__AIM OF THE EXERCISE__. What is needed is an exact reproduction of the lines from the one that contains "Toyota Proace City" through the end of the data, both included and nothing else, with pictures omitted.

BEGIN DATASET EXCERPT

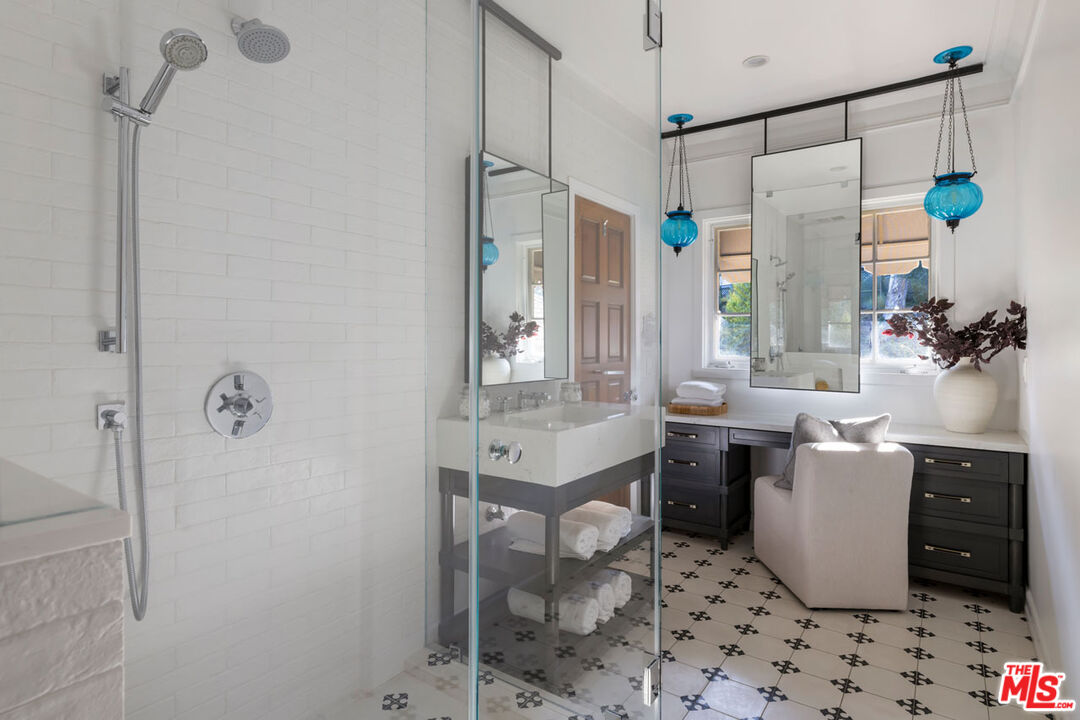 MLS #25612113 image #45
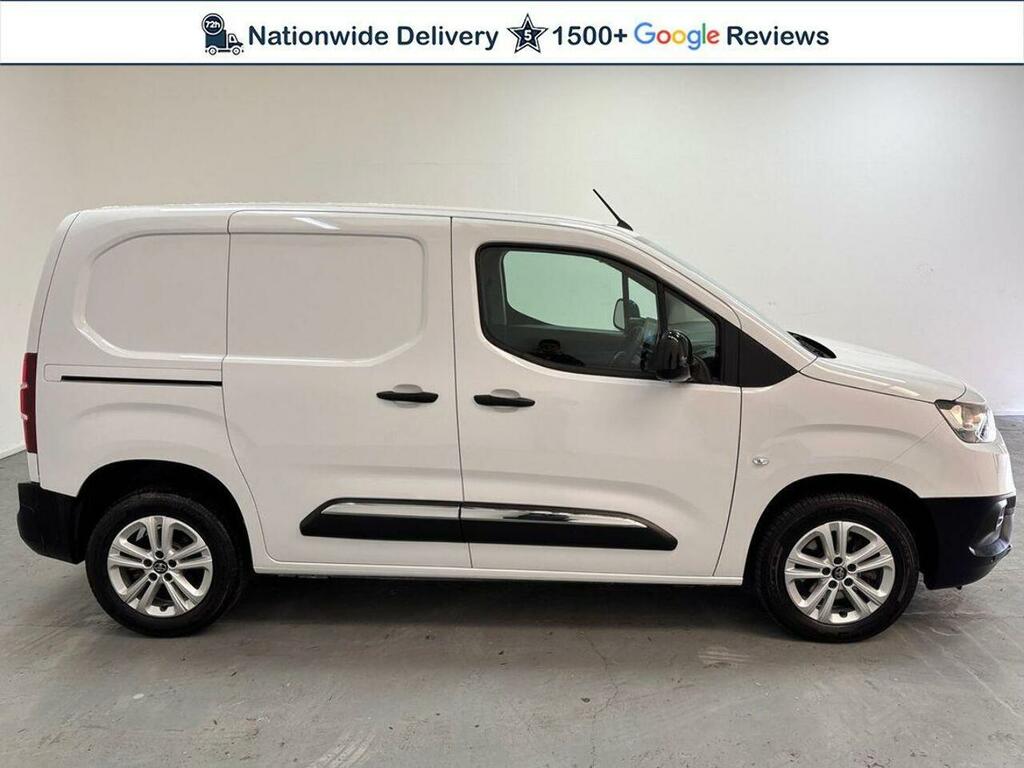 Toyota Proace City Proace City 1.5 Bluehdi Design Short Panel Van Aut White #3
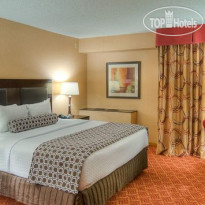 Crowne Plaza Colorado Springs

END DATASET EXCERPT

__SOLUTION TO THIS TASK__.
 Toyota Proace City Proace City 1.5 Bluehdi Design Short Panel Van Aut White #3
 Crowne Plaza Colorado Springs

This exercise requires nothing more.